Don’t get me wrong: I don’t like it much when the guest stars show up as themselves. It’s usually disappointing. But Hathaway has been on the show twice and didn’t play herself either time.

Other high points: “Son, you say that now, but when you get older, you’ll just think it,” Bart and Milhouse wearing bags over their heads like Bengals and Saints fans of yore, and Eartha Kitt.

If he actually did say that, it would have been really fitting. In a perfect world, the documentary is narrated by Troy McClure.

I miss Troy McClure.

I also enjoyed Krusty’s confusing Milhouse with Lisa i.e. Bart’s ugly sister.

My general point is I miss the old days when The Simpsons DIDN’T use stunt casting to try to get viewers. They didn’t need to, because the show was funny on its own merits!

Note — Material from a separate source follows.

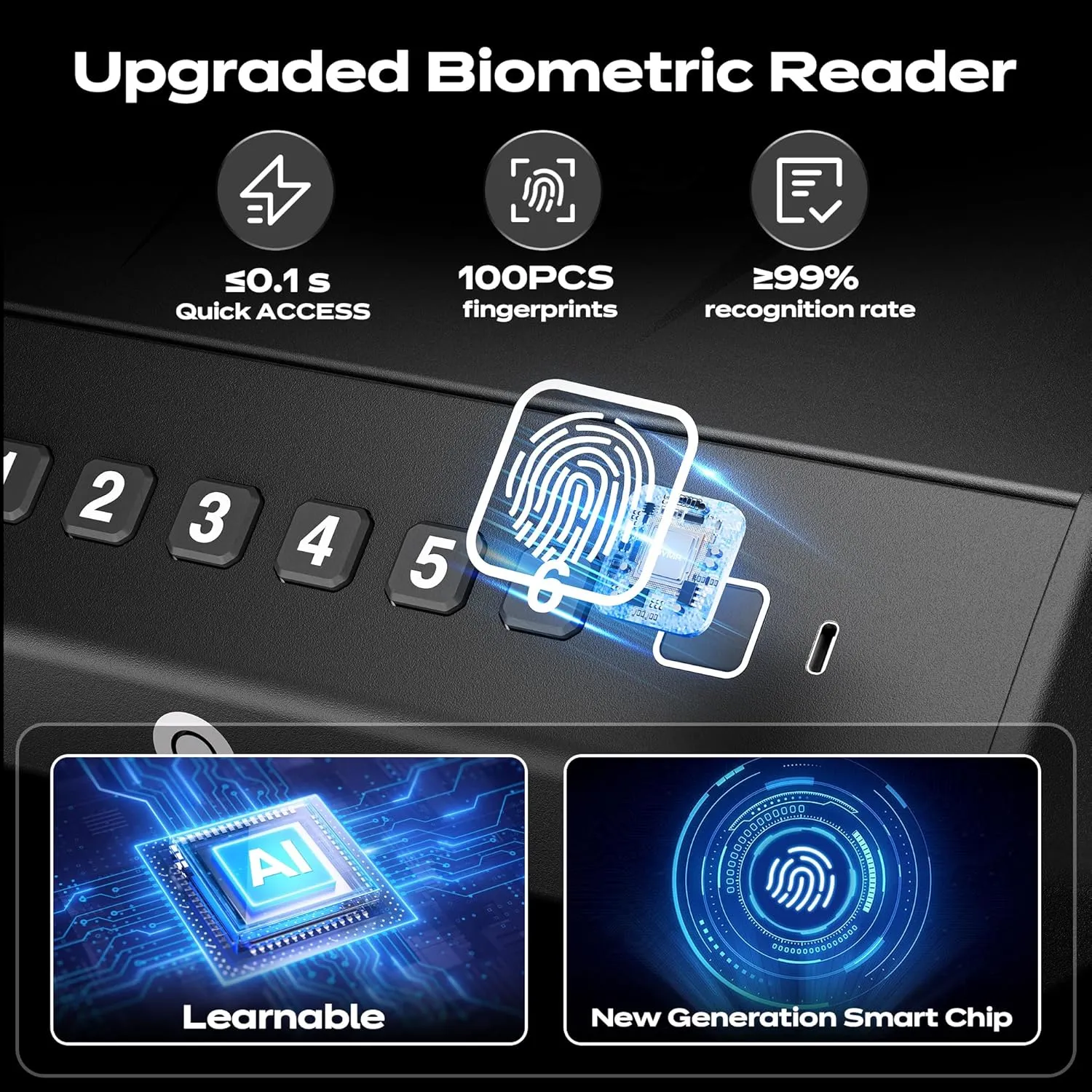 Large Biometric Gun Safe fits 4 pistols, 100 Sets of Fingerprint Handgun Safe with Internal Light & Silent Mode, Emergency Power Supply Gun Lock Box for Home Bedroom Bedside Nightstand and Car TOPMEDA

Oftentimes, celebrities would do the show without even being credited (in the early years, big name actors like Dustin Hoffman were worried that appearing on a cartoon show might make them lose credibility), and even if they WERE credited, you wouldn’t know until the credits rolled (did you even know that the likes of Willem Dafoe, Christina Ricci and Johnny Cash did guest voices in season 8?) unless you were listening very closely, because the guest actors would be on the show to ACT (i.e. play a fictional character), not get/give attention to who they are. And if a celebrity DID appear as themself, then they were at least given something relevant to do in the episode, without it feeling like the episode’s writer was kissing the actor’s feet. In the later years, it seemed like every damn big name was passing through Springfield and running into the Simpsons.

The final straw for me was Brother’s Little Helper, the episode that was heavily advertised as having Mark McGwire on the show - this was shortly after he broke the homerun record and his appearance was obviously added into the episode at the last minute. His appearance served no purpose other than publicity, made NO sense within the context of the episode, and worst of all wasn’t even funny!

And from then on, it went even further downhill. There were episodes like when the Simpsons went to a bookfair (as if HOMER would willingly go to one) JUST so that a bunch of famous authors could do the “hi, I’m XXXX and I wrote YYYYY” appearances, and then maybe get a snark joke and disappear again. Again, the Homer I grew up watching would have no idea who John Updike is, much less know enough to insult his writings.

I rest my case…wait, what? Oh, sorry… case closed.

The special was very boring. I couldn’t get through it. Who cares what a celebrity thinks about the Simpsons. Let’s get some background info, or are they saving that for the DVD commentaries so they can sell stuff?

The episode was also marginal. Gee Homer not liking his job, been done so many times before, why not think of something new? It’s not that hard really. Go to any Simpsons group and there are hundreds of ideas by non-writers that have never been done before. Why can’t writers think of new, never been done ideas?

This is what make viewing this mess so hard. The show IS capable of doing better. It reminds me of a kid that gets a “C” in school. He’s capable of doing more but doesn’t care to, 'cause getting by gets him the same benefit as getting an “A”

Why would Burns want Homer back? He sucks. He quits every other episode. There’s no real reason except some lame ass joke the writers throw in at the end. For that matter why would anyone else persue Homer?

Are we really suppose to laugh that Burns says the “special donut” is made from various things including two animals that are now extinct. And then says “You can have these donuts every day.” Oh yeah hysterical how can they have the donut everyday if the animals it’s made from are now extinct.

Yeah I bet the writers got $5,000 to come up with that gem

:frowning:

Maybe you baited the haters by describing the episode this way. But I have zero interest in either of these people, and I loved tonight’s episode: I laughed more than I have at a Simpsons episode in quite some time. (So maybe I was just in a good mood.)